Chateaubriand

ChateaubriandLes souvenirs qui se réveillent dans ma mémoire m’accablent de leur force et de leur multitude : et pourtant, que sont-ils pour le reste du monde ?

Mémoire d’outre tombe – livre I – chapitre 7

Le vrai bonheur coûte peu ; s’il est cher, il n’est pas d’une bonne espèce.

Mémoire d’outre tombe – livre I – chapitre 7

Des paysans en sabots et en braies, hommes d’une France qui n’est plus, regardaient ces jeux d’une France qui n’était plus.

Mémoire d’outre tombe – livre II – chapitre 2

La nuit, tandis que le roulement du canon lointain expire dans mes bois, je retourne au silence des années qui dorment dans la tombe, à la paix de mes jeunes souvenirs. Que le passé d’un homme est étroit et court, à côté du vaste présent des peuples et de leur avenir immense !

Mémoire d’outre tombe – livre II – chapitre 5

Le parc, maintenant à l’anglaise, conserve des traces de son ancienne régularité française : des allées droites, des taillis encadrés dans des charmilles, lui donnent un air sérieux ; il plait comme une ruine.

Mémoire d’outre tombe – livre II – chapitre 9

Lecteur, que je ne connaîtrai jamais ; rien n’est démesuré : il ne reste que de moi que ce que je suis entre les mains de Dieu vivant qui m’a jugé.

Mémoire d’outre tombe – livre III – chapitre 12

Le Roi plus embarrassé que moi, ne trouvant rien à dire, passa outre. Vanité des destinées humaines ! Ce souverain que je voyais pour la première fois, ce monarque si puissant était Louis XVI à six ans de son échafaud ! Et ce nouveau courtisan qu’il regardait à peine, chargé de démêler les ossements, après avoir été sur preuves de noblesse présenté aux grandeurs du fils de Saint Louis, le serait un jour à sa poussière sur preuve de fidélité ! double tribut de respect à la double royauté du spectre et de la palme ! Louis XVI pouvait répondre à ses juges comme le Christ aux Juifs : « Je vous ai fait voir beaucoup de bonnes oeuvres ; pour laquelle me lapidez-vous ? ».

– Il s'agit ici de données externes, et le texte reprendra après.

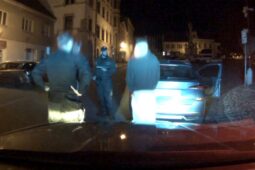 Vyjížďka bez řidičáku: Mladistvý chlapec v autě převážel kamaráda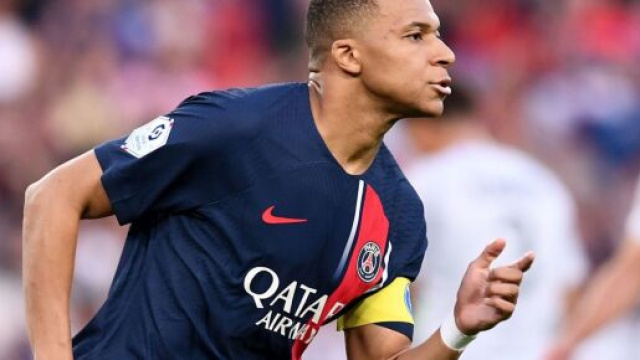 Mbapp&eacute; agac&eacute; par la dynamique actuelle au PSG. (screenshot Twitter - @ActuFoot_)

Mémoire d’outre tombe – livre IV – chapitre 9

Du moins la noblesse bretonne ne succomba pas sans honneur. Elle refusa de députer aux états-généraux, parce qu’elle n’était pas convoquée selon les lois fondamentales de la constitution de la province ; elle alla rejoindre en grand nombre l’armée des Princes, se fit décimer à l’armée de Condé, ou avec Charette dans les guerres vendéennes. Eût-elle changé quelque chose à la majorité de l’Assemblée nationale, au cas de sa réunion à cette assemblée ? Cela n’est guère probable ; dans les grandes transformations sociales, les résistances individuelles, honorables pour les caractères, sont impuissantes contre les faits.

Mémoire d’outre tombe – livre V – chapitre 7

Je n’oublierai jamais ce regard qui devait s’éteindre sitôt. Marie-Antoinette, en souriant, dessina si bien la forme de sa bouche, que le souvenir (chose effroyable !) me fit reconnaître la mâchoire de la fille des Rois, quand on découvrit la tête de l’infortunée, dans les exhumations de 1815…

Louis XVI abdiquant, Louis XVII placé sur le trône, M. le duc d’Orléans déclaré régent, que fût-il arrivé ?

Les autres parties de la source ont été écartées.